» Task to complete:
Word for word, write the lines below out again, with no pictures.

START Material provided

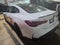 2026 BMW M4 Competition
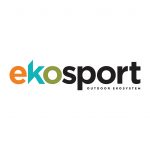 ekosportWP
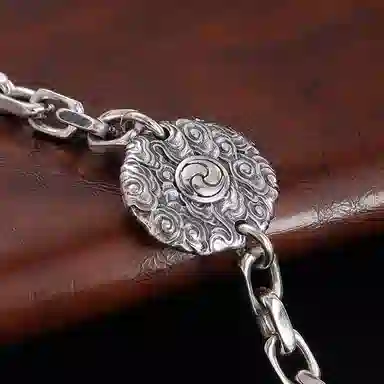Angel Wish Bracelet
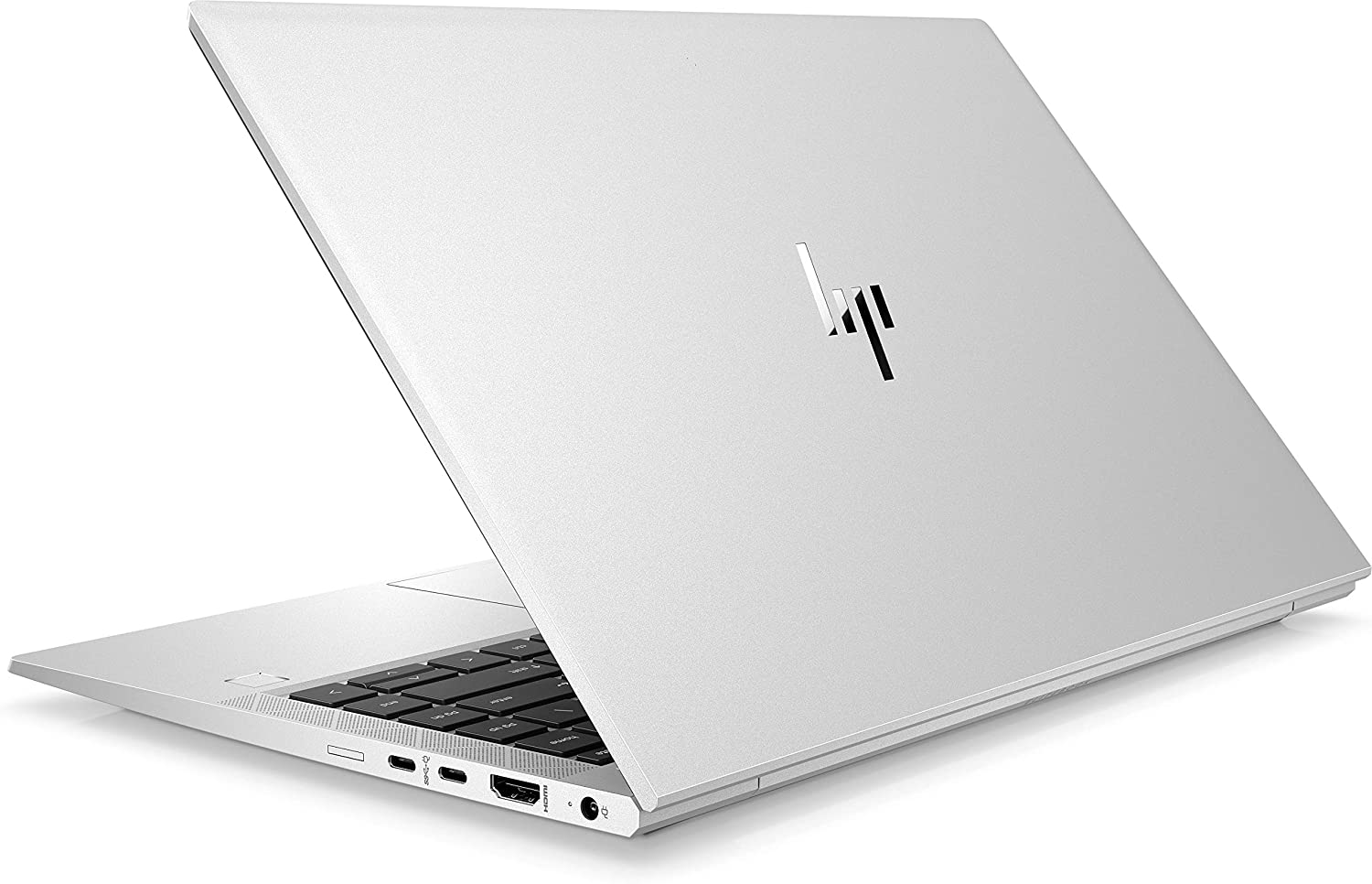 EliteBook 845 G7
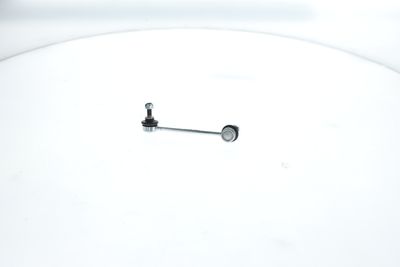 STANGE/STREBE STABILISATOR BOSCH 0986141479 16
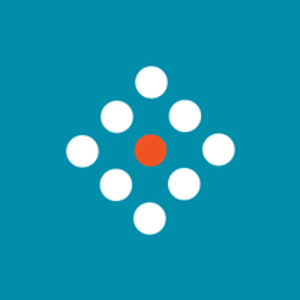 SAY Group Recruiting logo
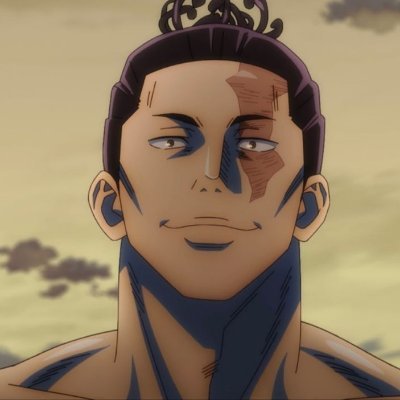 Piinoob_'s profile picture. 𝖌𝖆𝖒𝖊𝖗 🖱⌨ @Neomu__ ❤️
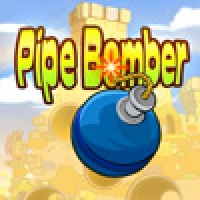 Pipe Bomber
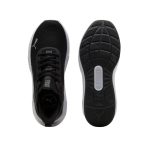 PUMA Softride Enzo 5 Hype Sneakers Unisex - Image 2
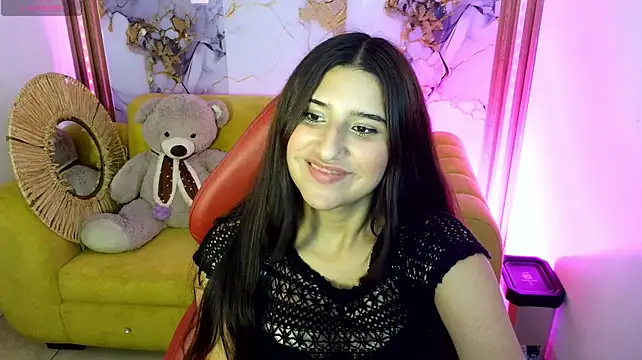 sofia_sweet_m webcam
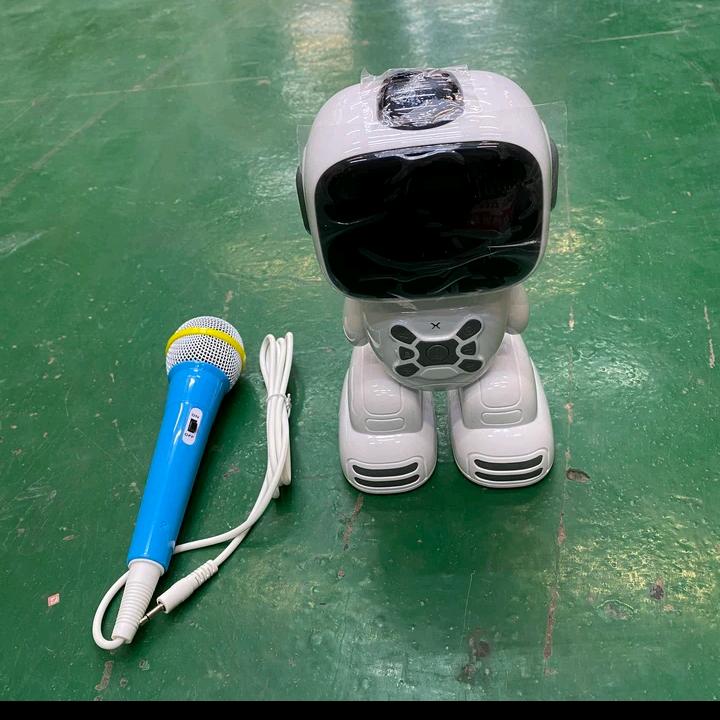 有车就好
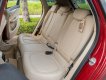 BMW 218i 2015 - Biển đẹp Hà Nội, màu đỏ cá tính, nội thất kem, bảo dưỡng lịch sử hãng đầy đủ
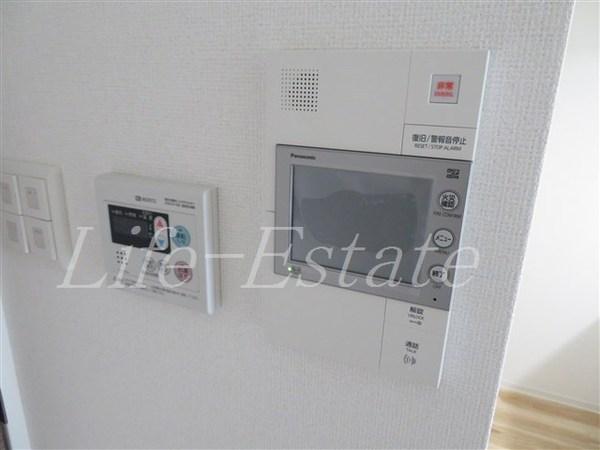 セレニテ堺筋本町プリエ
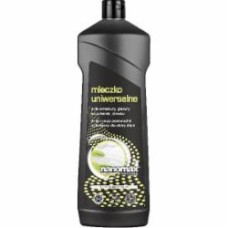Крем для чистки универсальный Nanomax PRO 0,75 л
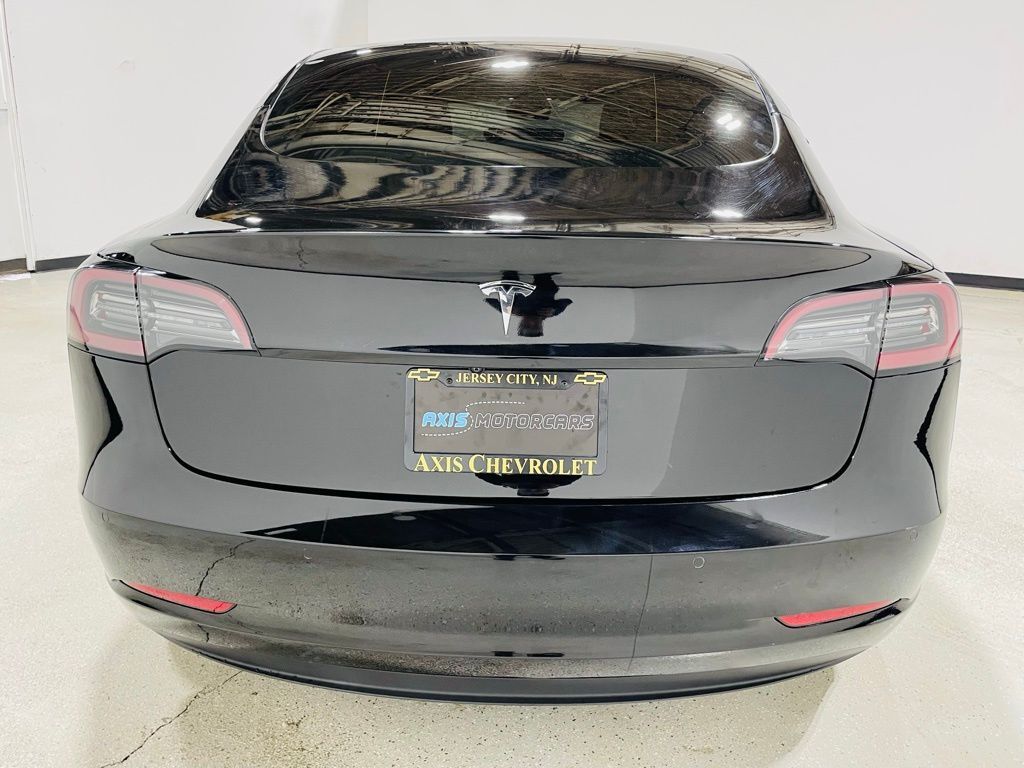 2022 Tesla Model 3 Base Jersey City NJ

END Material provided

» Result for this task:
 2026 BMW M4 Competition
 ekosportWP
Angel Wish Bracelet
 EliteBook 845 G7
 STANGE/STREBE STABILISATOR BOSCH 0986141479 16
 SAY Group Recruiting logo
 Piinoob_'s profile picture. 𝖌𝖆𝖒𝖊𝖗 🖱⌨ @Neomu__ ❤️
 Pipe Bomber
 PUMA Softride Enzo 5 Hype Sneakers Unisex - Image 2
 sofia_sweet_m webcam
 有车就好
 BMW 218i 2015 - Biển đẹp Hà Nội, màu đỏ cá tính, nội thất kem, bảo dưỡng lịch sử hãng đầy đủ
 セレニテ堺筋本町プリエ
Крем для чистки универсальный Nanomax PRO 0,75 л
 2022 Tesla Model 3 Base Jersey City NJ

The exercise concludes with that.